# A lightweight model for DNPU devices 
**By Hans-Christian Ruiz Euler**  

Current models of DNPU devices are feedforward networks with 5 hidden layers and 90 nodes per layer, having 33571 learnable parameters. This is a relatively big model for a single node when considering DNPU networks. We will call this the base model.  
This notebook introduces and explores a lightweight model for DNPU devices developed to reduce the computational burden of a single DNPU node when researching DNPU networks.  
This model is called a linear-pyramidal model due to its architecture composed of two parts, a linear term of the input and a "pyramidal" network. This pyramidal network is a feedforward neural network with four hidden layers having 70, 50, 30, and 15 neurons each. The activation of the hidden neurons is given by a ReLU function. The output layer linearly maps the last 15 hidden neurons to the output representing the current of the device given the applied voltages. This architecture has 6,129 learnable parameters, i.e. 82% less parameters than the base model. 
In the following, we will train and compare the linear-pyramidal model to the base model described above.

In [1]:
import os
import time
import torch
import numpy as np

import matplotlib.pyplot as plt
%matplotlib notebook

from smg.utils.io import load_configs
from smg.model.constructor import LinPyr
from smg.model.pytorch import TorchHandler
from smg.generator import SMG
from smg.dnpu.dataset import dnpuData

In [6]:
lp_configs = load_configs("./configs_explore_model.json")
lp_model = LinPyr(lp_configs["model"],verbose=False)
nr_params = sum([p.numel() for p in model.parameters() if p.requires_grad])
print(f"Number of learnable parameters in this model {nr_params}")

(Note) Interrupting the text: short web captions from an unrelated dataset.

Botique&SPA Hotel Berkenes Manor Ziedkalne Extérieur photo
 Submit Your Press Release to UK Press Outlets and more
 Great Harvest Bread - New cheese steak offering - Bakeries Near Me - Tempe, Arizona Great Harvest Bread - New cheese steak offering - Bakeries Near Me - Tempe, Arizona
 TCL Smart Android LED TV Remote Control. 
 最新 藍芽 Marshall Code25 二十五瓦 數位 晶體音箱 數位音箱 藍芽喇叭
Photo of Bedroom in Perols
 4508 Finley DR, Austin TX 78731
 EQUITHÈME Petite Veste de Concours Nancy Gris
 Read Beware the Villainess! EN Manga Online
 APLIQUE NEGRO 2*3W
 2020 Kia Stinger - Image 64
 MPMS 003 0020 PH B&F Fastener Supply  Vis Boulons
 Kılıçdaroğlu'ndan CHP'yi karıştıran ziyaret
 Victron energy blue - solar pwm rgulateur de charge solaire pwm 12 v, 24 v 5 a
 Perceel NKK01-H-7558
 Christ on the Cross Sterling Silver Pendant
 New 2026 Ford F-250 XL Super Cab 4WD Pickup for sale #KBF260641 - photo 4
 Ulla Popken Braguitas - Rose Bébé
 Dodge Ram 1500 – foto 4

Number of learnable parameters in this model 6129


In [7]:
lp_smg = SMG(lp_configs)
dataset = dnpuData(lp_smg.configs["data"])
lp_smg.set_trainer(lp_model)
lp_smg.set_dataloader(dataset)
lp_smg.generate(show=True)

Data loading from: 
../tmp/example_data/example_1/processed_data.npz
Metadata :
 dict_keys(['save_directory', 'data_name', 'processor', 'input_data', 'clipping_value'])
--> Shape of INPUTS: (2912777, 7)
--> Shape of OUTPUTS: (2912777,)
Splitting data in [2330222, 582555]
------- TRAINING ---------


Train. loss:0.00129 | Val. loss:0.0012: 100%|█| 100/100 [55:50<00:00, 33.51s/it]


------------DONE-------------


<IPython.core.display.Javascript object>

<IPython.core.display.Javascript object>

<IPython.core.display.Javascript object>

The linear-pyramidal model can be trained in one hour to obtain an error of about 0.99 nA. Training is performed with **"batch_size": 256, "nr_epochs": 100, and a "learning_rate": 0.0004**. 

## Comparison to base model
In comparison to the best performing base models with en error of around 0.77 nA, this is a very good performance given a model that is 82% smaller (The base model has 33,571 learnable parameters). With more exploration of hyperparameters, I am confident that this can be improved further, see report "Exploring training".